EXERCISE:
From the line with "With just simple" onward, reproduce each line of the entries exactly, ending at the last one, and add nothing.

----

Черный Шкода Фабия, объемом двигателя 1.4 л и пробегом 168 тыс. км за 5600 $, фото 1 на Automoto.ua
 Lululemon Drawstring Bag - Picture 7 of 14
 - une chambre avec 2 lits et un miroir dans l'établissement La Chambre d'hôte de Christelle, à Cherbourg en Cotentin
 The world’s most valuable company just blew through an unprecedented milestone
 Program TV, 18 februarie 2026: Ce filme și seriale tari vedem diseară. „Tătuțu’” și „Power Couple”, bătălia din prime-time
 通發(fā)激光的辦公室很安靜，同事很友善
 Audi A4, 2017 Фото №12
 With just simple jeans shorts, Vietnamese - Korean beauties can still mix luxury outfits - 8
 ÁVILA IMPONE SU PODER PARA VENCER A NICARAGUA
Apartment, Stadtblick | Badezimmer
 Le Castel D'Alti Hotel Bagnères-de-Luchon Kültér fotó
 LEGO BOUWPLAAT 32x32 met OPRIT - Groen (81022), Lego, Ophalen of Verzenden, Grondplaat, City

----

RESULT OF THE EXERCISE:
 With just simple jeans shorts, Vietnamese - Korean beauties can still mix luxury outfits - 8
 ÁVILA IMPONE SU PODER PARA VENCER A NICARAGUA
Apartment, Stadtblick | Badezimmer
 Le Castel D'Alti Hotel Bagnères-de-Luchon Kültér fotó
 LEGO BOUWPLAAT 32x32 met OPRIT - Groen (81022), Lego, Ophalen of Verzenden, Grondplaat, City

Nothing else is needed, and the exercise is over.